_Goal of the exercise_
Exact copies of the lines below are the goal; any images in them are dropped.

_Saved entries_
--*--

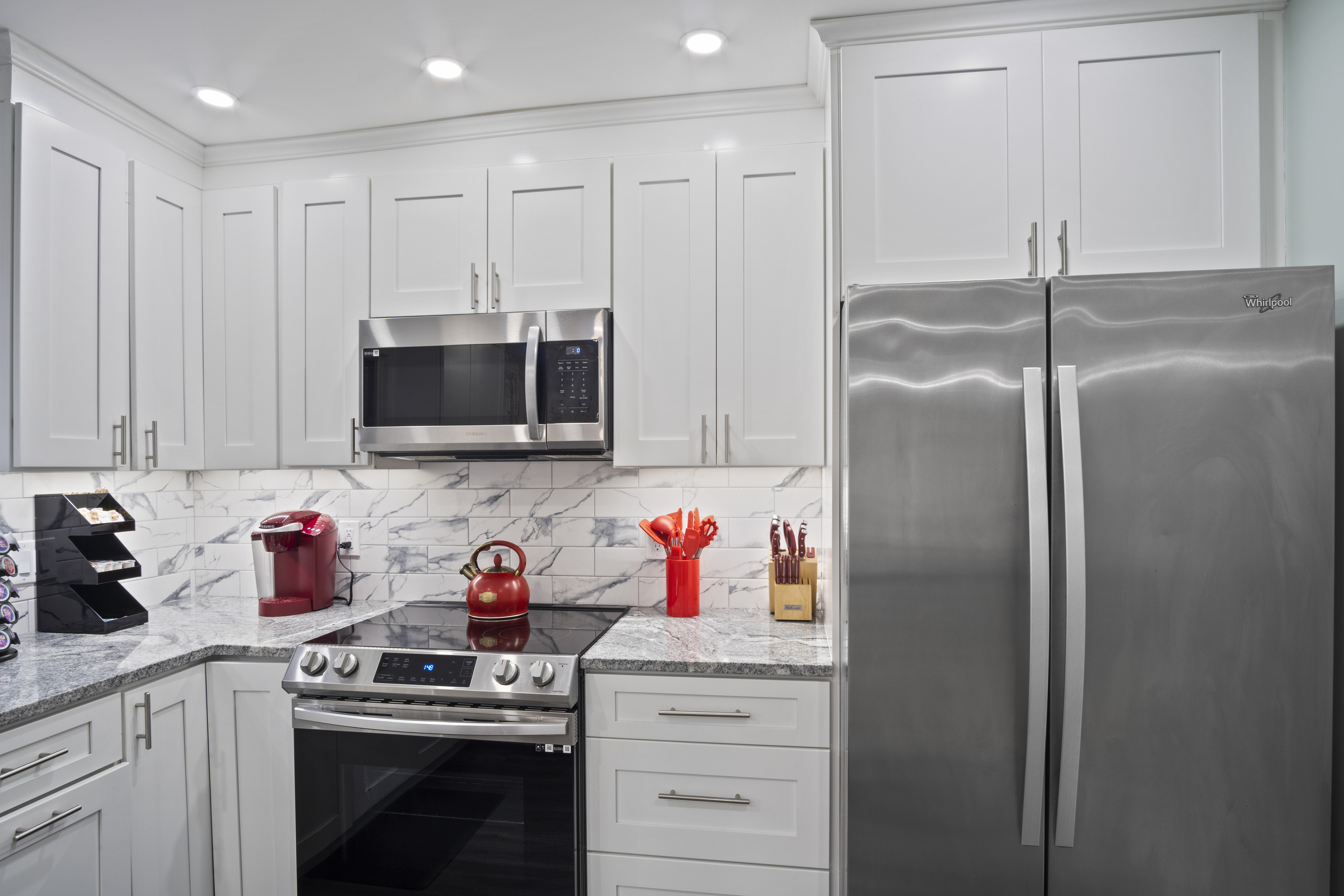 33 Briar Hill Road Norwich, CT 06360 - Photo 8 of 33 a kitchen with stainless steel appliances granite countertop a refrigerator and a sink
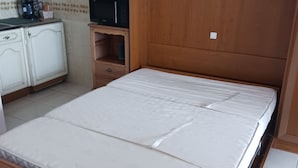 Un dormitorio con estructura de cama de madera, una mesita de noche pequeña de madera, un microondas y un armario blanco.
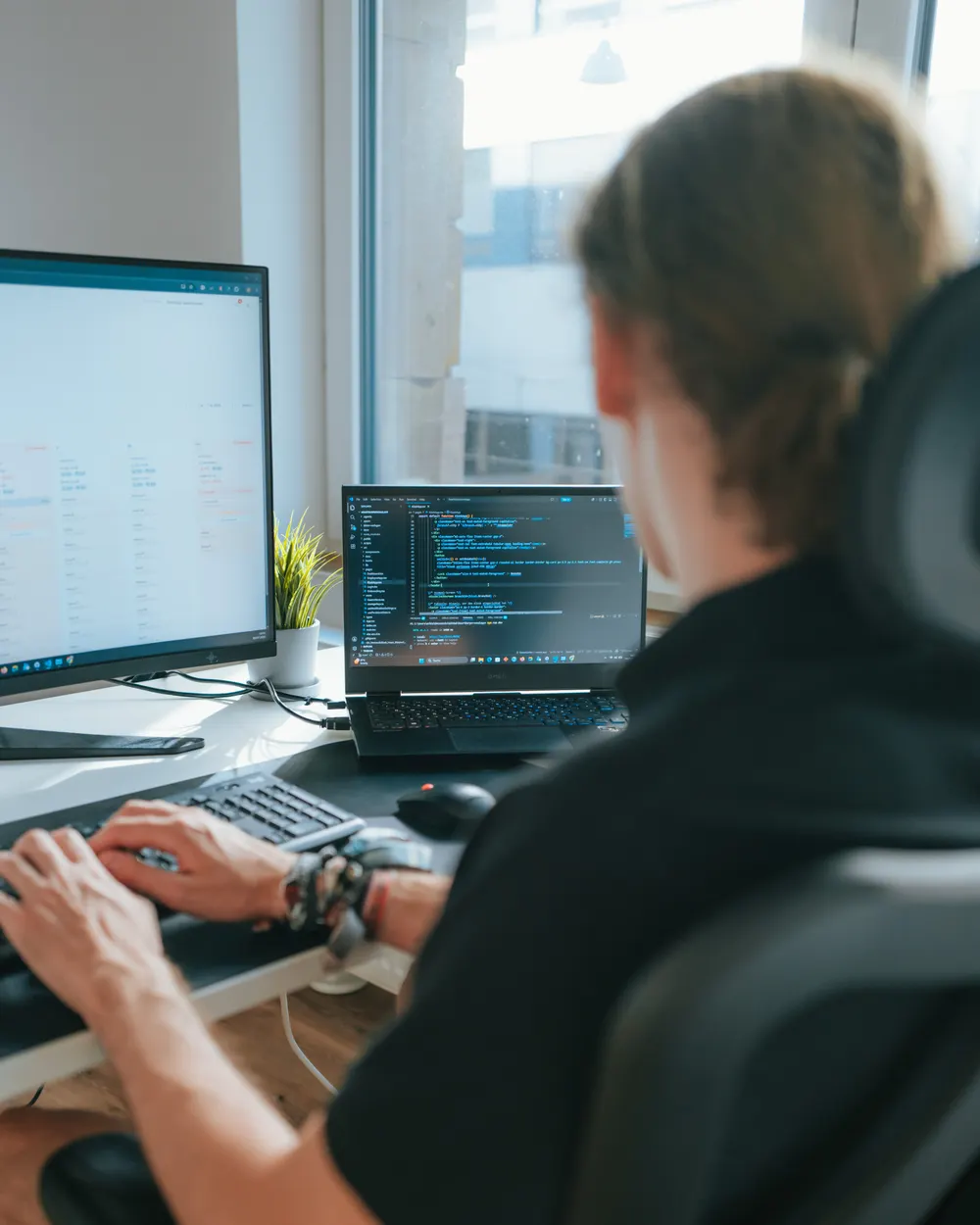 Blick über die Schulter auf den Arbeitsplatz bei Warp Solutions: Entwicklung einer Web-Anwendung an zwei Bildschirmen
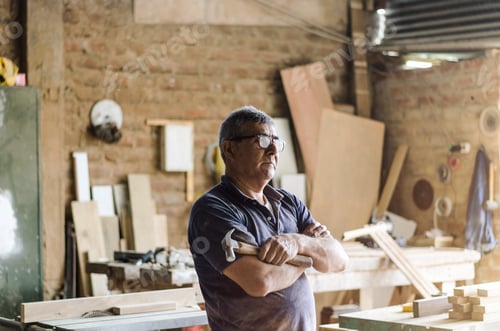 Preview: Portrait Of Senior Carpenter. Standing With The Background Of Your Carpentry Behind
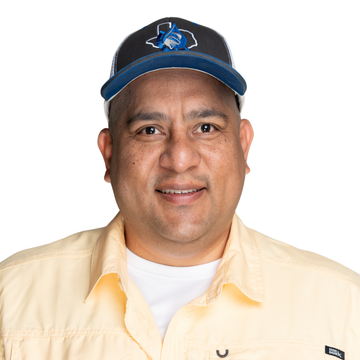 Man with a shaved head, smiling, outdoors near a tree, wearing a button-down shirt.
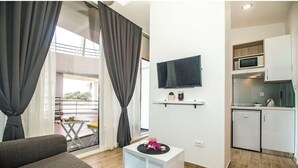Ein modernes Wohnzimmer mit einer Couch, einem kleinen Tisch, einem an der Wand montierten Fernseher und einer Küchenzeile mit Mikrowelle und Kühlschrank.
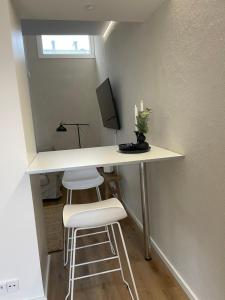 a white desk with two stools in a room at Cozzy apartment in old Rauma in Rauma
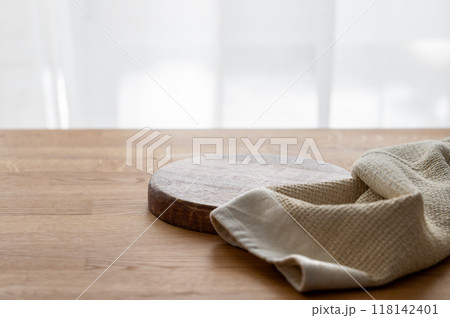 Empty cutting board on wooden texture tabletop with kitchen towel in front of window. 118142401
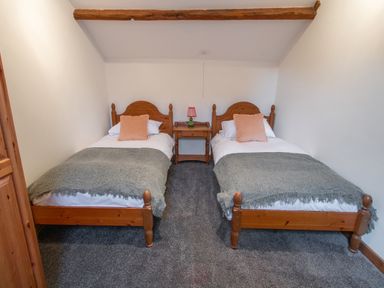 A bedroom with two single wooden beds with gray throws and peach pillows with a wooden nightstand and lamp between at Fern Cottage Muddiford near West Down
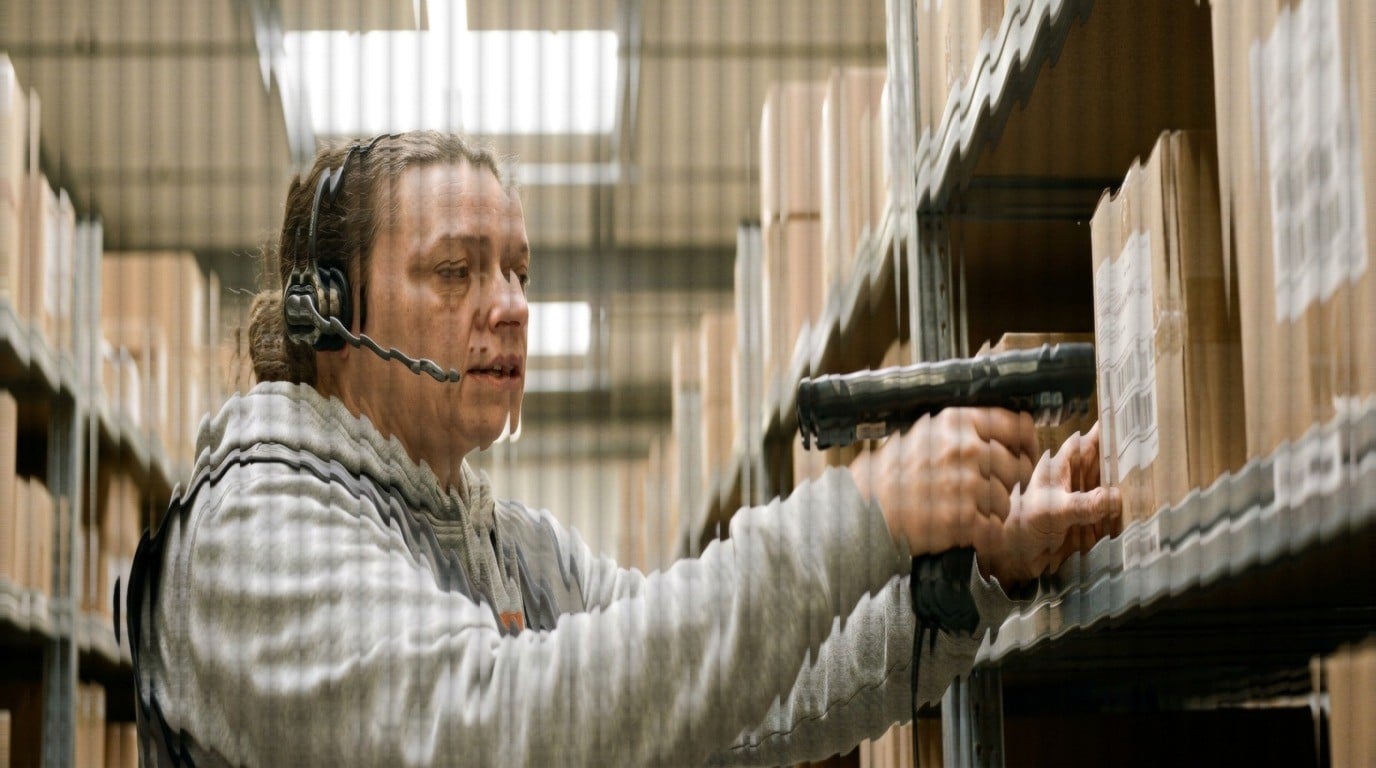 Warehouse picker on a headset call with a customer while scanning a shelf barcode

--*--

_Your solution_
 33 Briar Hill Road Norwich, CT 06360 - Photo 8 of 33 a kitchen with stainless steel appliances granite countertop a refrigerator and a sink
 Un dormitorio con estructura de cama de madera, una mesita de noche pequeña de madera, un microondas y un armario blanco.
 Blick über die Schulter auf den Arbeitsplatz bei Warp Solutions: Entwicklung einer Web-Anwendung an zwei Bildschirmen
 Preview: Portrait Of Senior Carpenter. Standing With The Background Of Your Carpentry Behind
 Man with a shaved head, smiling, outdoors near a tree, wearing a button-down shirt.
Ein modernes Wohnzimmer mit einer Couch, einem kleinen Tisch, einem an der Wand montierten Fernseher und einer Küchenzeile mit Mikrowelle und Kühlschrank.
 a white desk with two stools in a room at Cozzy apartment in old Rauma in Rauma
 Empty cutting board on wooden texture tabletop with kitchen towel in front of window. 118142401
 A bedroom with two single wooden beds with gray throws and peach pillows with a wooden nightstand and lamp between at Fern Cottage Muddiford near West Down
 Warehouse picker on a headset call with a customer while scanning a shelf barcode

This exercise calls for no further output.